– Уже нет, – ответила я.
– А когда вернется?
Я поднялась с дивана и медленно оглядела комнату.
– Он не вернется. Все вопросы теперь можете решать со мной. Работать вы теперь тоже будете на меня. Не на Гэбриэла. Он отныне не может сюда входить так же, как и любой посторонний человек. Контракт вы переподпишете со мной, гонорар и условия останутся прежними: защищать меня и мое пространство. Также вы вольны расторгнуть его в любой момент. Вопросы?
– Он таки работает на вашего отца? – спросил Коннор.
Я только кивнула, не хотела рыдать при парнях. Видит бог, сейчас мне нужны все мои силы, чтобы суметь упорядочить все и взять ситуацию под свой контроль. Больше никаких слез. Сегодня я выплакала все.
Оливер тут же вынул телефон, набрал Харта и переспросил у него, действительно ли все так, как я говорю. Глядя на мой полоумный вид и красные глаза, наверно, предположил, что я могла тронуться умом. Потом, получив подтверждения от Харта, отвел глаза и молчаливо закивал, слушая.
Когда он закончил, я сказала:
– Это был последний раз, когда вы созванивались с ним и говорили, Оливер. После подписания контракта со мной вы больше не сможете делать это. Это важно, потому что Харт продолжает работать на моего отца, а отец не прочь уложить в землю и меня, и моего ребенка за то, что я предала клан. Этот дом временно перешел в мое распоряжение, и Харт здесь больше никто.
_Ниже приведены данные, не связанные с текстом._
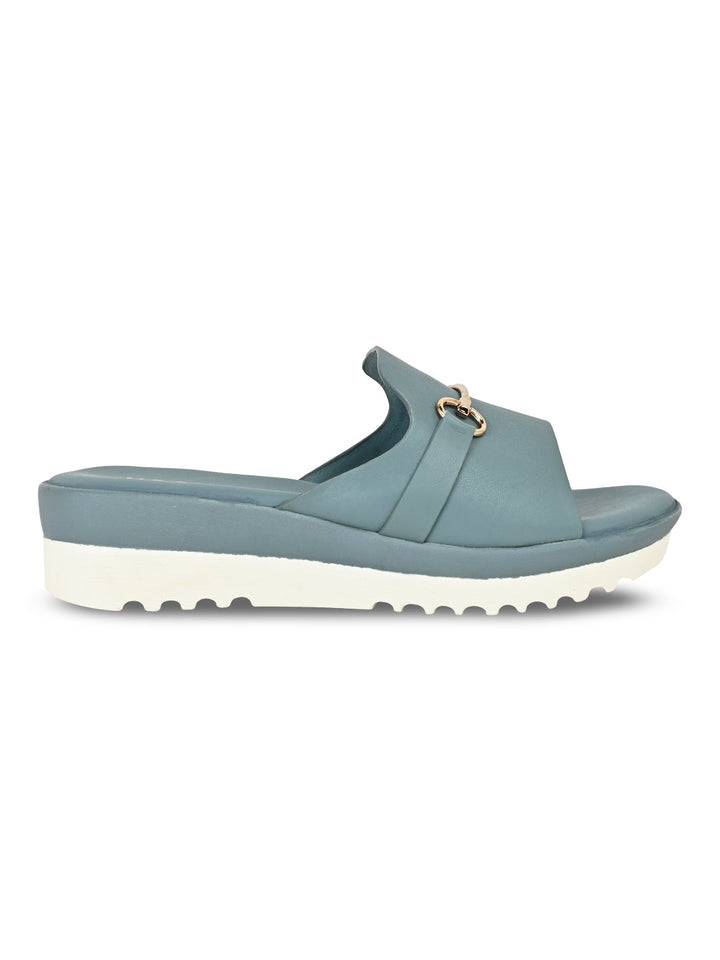 Rocia By Regal Blue Women Casual Wedges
Я запрещаю вам передавать ему какую-либо информацию обо мне и контактировать с ним по какому бы то ни было поводу. Как только у меня появятся другие варианты, я переберусь в другое место. Вопросы?
– Нет вопросов, – ответил Оливер, качая головой. – Гэбриэл только просил передать вам, что коробка на пороге – она для вас.
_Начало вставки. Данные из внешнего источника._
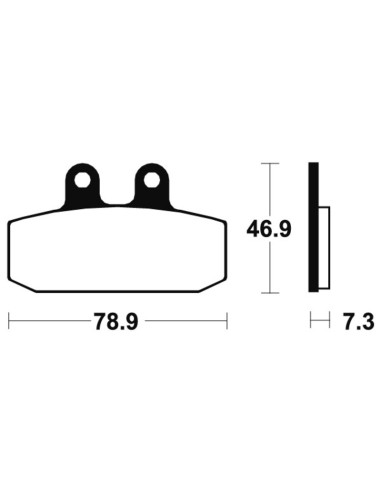 TECNIUM Scooter Organic Brake pads -... TECNIUM Scooter Organic Brake pads -...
– Проверьте, нет ли в ней взрывного устройства. Потом можете внести в дом, – сказала я сухо.
Оливер на мгновение вытаращился на меня, словно ушам не верил.
– Кристи, – осторожно сказал он. – Он же ваш парень. Я не знаю, что за кошка между вами пробежала, но…
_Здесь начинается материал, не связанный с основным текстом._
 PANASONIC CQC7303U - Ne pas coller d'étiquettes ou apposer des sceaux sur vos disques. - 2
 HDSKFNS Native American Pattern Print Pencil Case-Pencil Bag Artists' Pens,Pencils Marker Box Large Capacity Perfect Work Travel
– Начиная с сегодняшнего дня он не мой парень, – сквозь зубы ответила я. – И отныне он в списке тех, кому здесь не рады. Если вам трудно понять это, вы можете не подписывать со мной договор. Я не обижусь. В этом доме останутся только те, кто не верит никому снаружи.
– Окей, мэм, – без эмоций ответил Оливер и пошел за коробкой.
Я открыла ее, когда они с Коннором проверили ее и принесли домой. Внутри лежала большая белая плюшевая овечка с розовым бантом на шее и позолоченным колокольчиком. Подарок для моей дочери.
Ураган эмоций закружился внутри, но я не поддалась. Я знала, что поступила правильно. Харт мог бы порвать с МакАлистерами, если бы действительно хотел этого. Будь его чувство отвращения к моему отцу таким же сильным, как мое, он бы не остался рядом с ним ни на минуту. Будь жертвой Анджи, уверена, Харт вел бы себя по-другому. Проблема заключалась в том, что все произошедшее со мной не возмутило его до той самой критической точки, после которой не остается ничего, кроме ненависти и отвращения. Он мог по-прежнему говорить с моим отцом, ходить с ним по банкетам и курить сигары. Он мог находиться рядом и здороваться с ним – жать ту самую руку, которая когда-то безжалостно выбивала мозги из моей головы.
Позволить Харту быть со мной рядом и касаться меня после того, как он пожимал руку моему отцу, было далеко за пределами моей морали. Где-то между смехом над калекой и виктимблеймингом[7]. Нет, никакие мотивы и никакие причины, даже вселенского масштаба, не могли оправдать его верность моему отцу.
– Коннор, у вас есть дети или племянники? – спросила я у своего телохранителя, захлопывая коробку.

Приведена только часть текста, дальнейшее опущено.